3. I didn’t want to pay more for a phone that I wasn’t going to use.
4. On an ideological level I think the smart phone, like the pocket watch in E.P. Thompson’s (1967) classic work serves as another way for our jobs – or the man – to control the worker’s life. As I wrote in a comment last year on the ITP blog:
“According to Thompson (1967) the shift from cock as timepiece to watch as timepiece signified a paradigm shift. Before the cock people told time by the sun. Chaucer’s cock reflects an agricultural modality. Can the current shift from wristwatch to smartphone be interpreted as a harbinger of the Internet revolution?”Christina quickly picked up on this thread writing “… as we consider this shift from watch to smart phone we also consider how this shift functions for Capitalism. Certainly there are implications for blurring the time of the working day. Are there other implications?”
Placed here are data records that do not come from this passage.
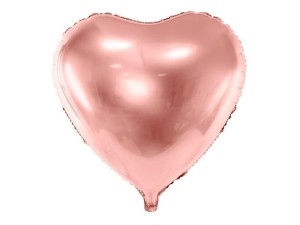 BALON FOLIOWY SERCE 61CM RÓŻOWE ZŁOTO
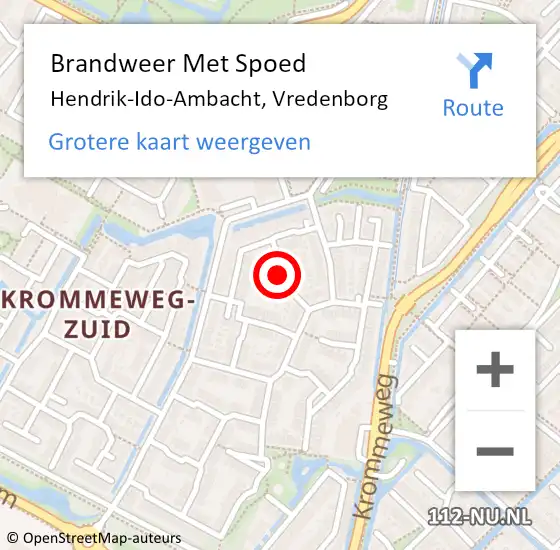 Locatie op kaart van de 112 melding: Brandweer Met Spoed Naar Hendrik-Ido-Ambacht, Vredenborg op 16 september 2019 11:27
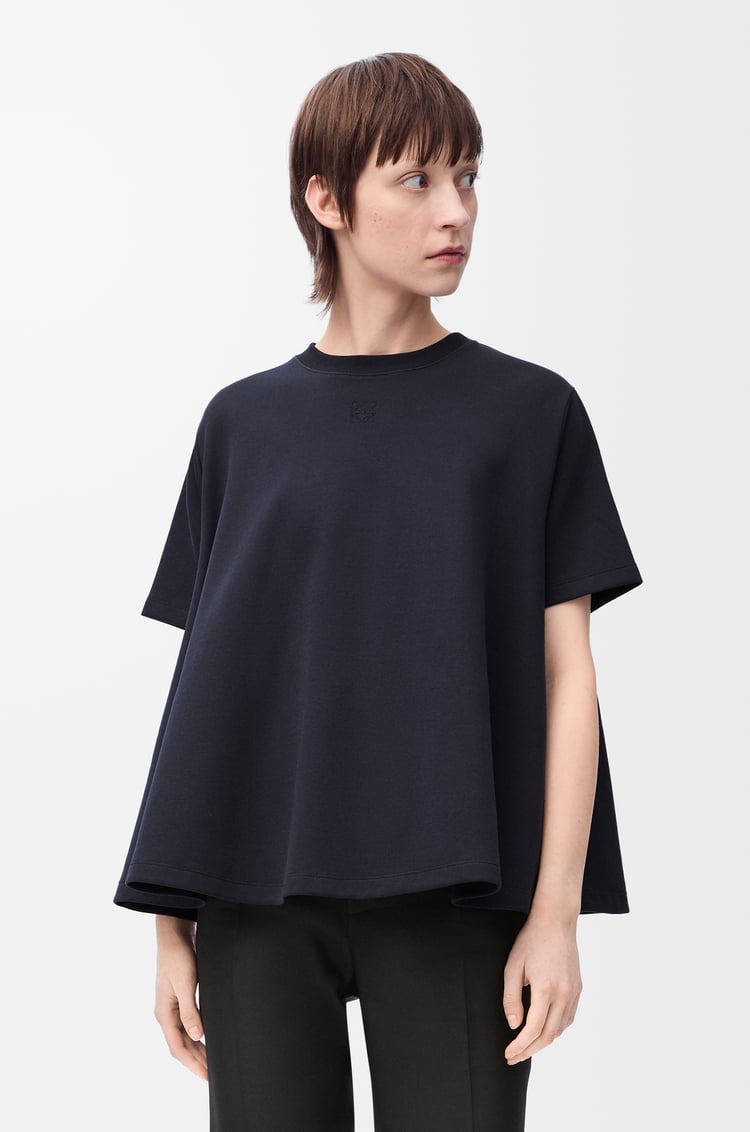 LOEWE Trapeze top in cotton blend Dark Navy Blue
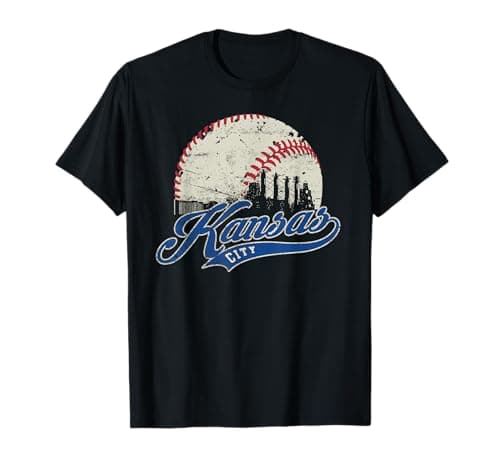 Kansas City Skyline Retro Baseball T-Shirt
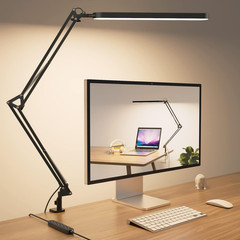 LED Desk Lamp Adjustable Swing Arm Eye Care 5 Modes 11 Brightness Memory Black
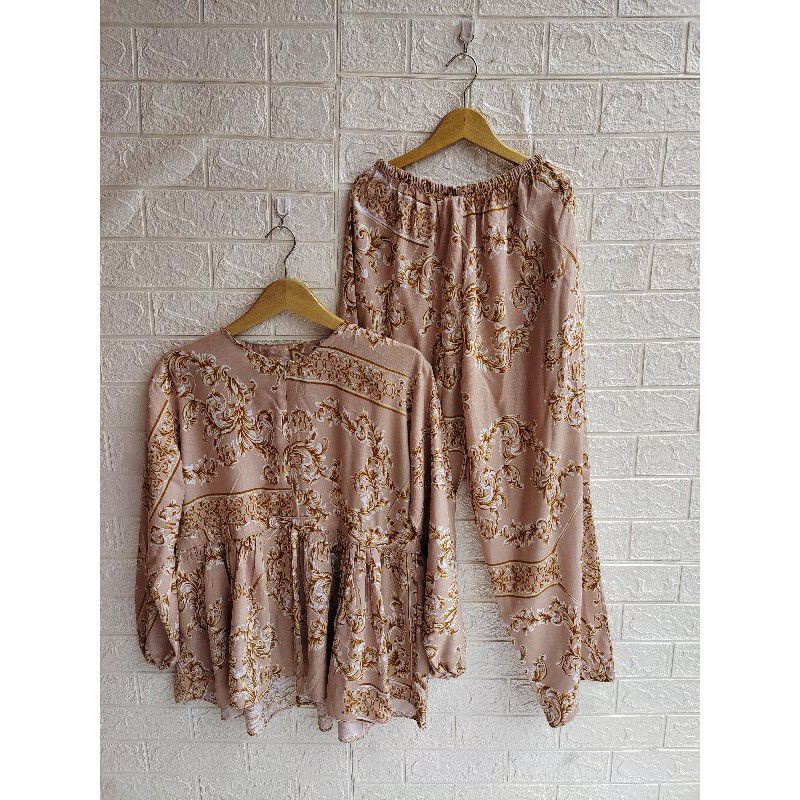 S,M,L,XL,XXL PAJAMAS BUSUI LD 100-120,TANGAN PANJANG,PAJAMAS RAYON DEWASA,ONE SET-SULTAN CREAM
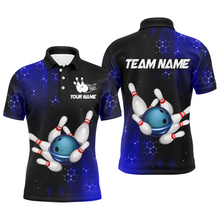 Load image into Gallery viewer, Personalized Blue Bowling Shirts Men Women Bowling Team Jersey Custom Bowling Polo Shirt BDT488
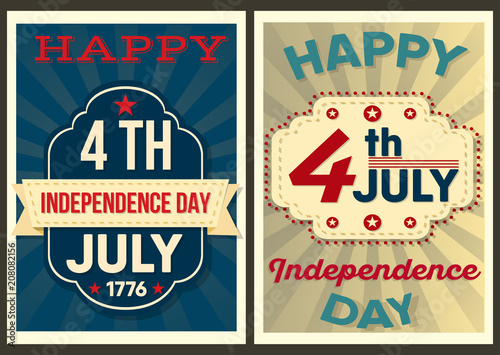 Independence Day of the United States. Set of Posters Happy Fourth of July in Retro Style. Vector Design.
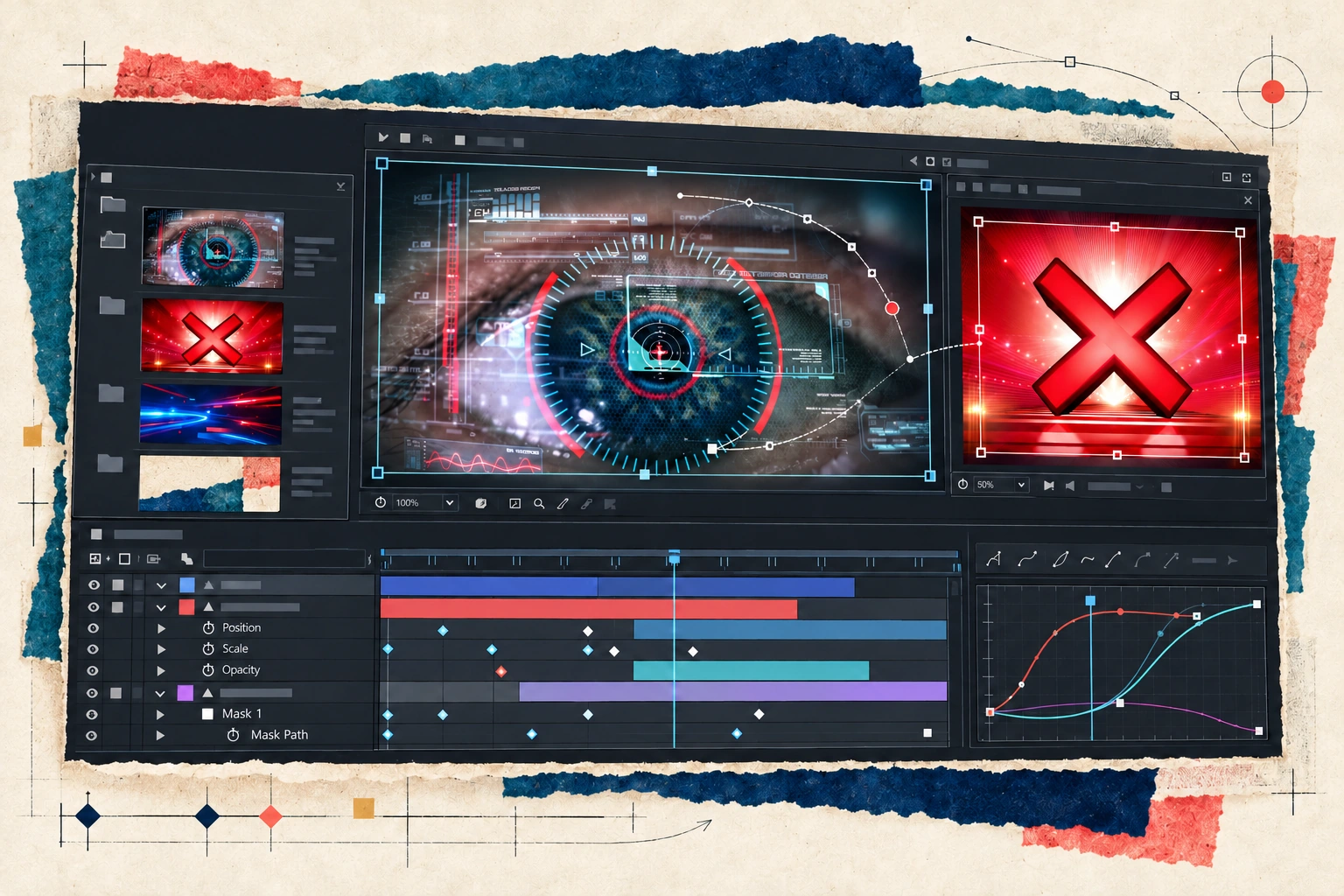 After Effects motion graphics workspace showing an eye HUD composite and red X broadcast graphic with layers, keyframes, masks and animation curves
5. And finally, everyone else has a smartphone, so if I need one they’re never far away.
What Changed?
1. Though I’m a far cry from self reliant, recently I’ve felt the desire to be in command of my own smartphone. Perhaps, it’s a response to the uncertainty associated with writing one’s dissertation proposal. I don’t know how that will turn out, but I do know that right now it’s 51 degrees in Central Park, I’ve read the Times top ten article titles, and my commute today will take exactly 37 minutes.
2. On a number of occasions I’ve yearned for a smartphone to direct me to the nearest Citi Bike station, or at least a station with working bikes. It’s this on the fly type of adjustment that only a computer in your pocket can provide.
3. Entertainment. I almost always carry a print version of the New Yorker, or The Atlantic in my bag or back pocket. However, I can’t carry the whole paper – or all the articles I’m perusing. One might counter – but you can’t read them all on the go anyway. Instead of reading I occasionally use the headset on my nokia to listen to the radio, but it doesn’t work on the train and I’m growing tired of NPR – especially during pledge week.
4. As noted in a previous post, I’ve become more reliant on my google calendar. In the past I used my trusty notebooks to keep track of daily engagements. However, now that I use my google calendar more often, the process of transferring information from the notebook to the calendar is flawed and has become cumbersome. For example, I might be at a meeting (without my laptop?!) and I want to schedule another meeting – but I don’t have my calendar because google has it.
5. I want the ability to check my latest email. If I don’t choose to respond right away I don’t have to – but at least I’ll know what’s ahead. Which leads to a larger existential question – is it better to know about the email lurking in your inbox, or to live with the possibility that there is a pressing matter at hand that you don’t know about?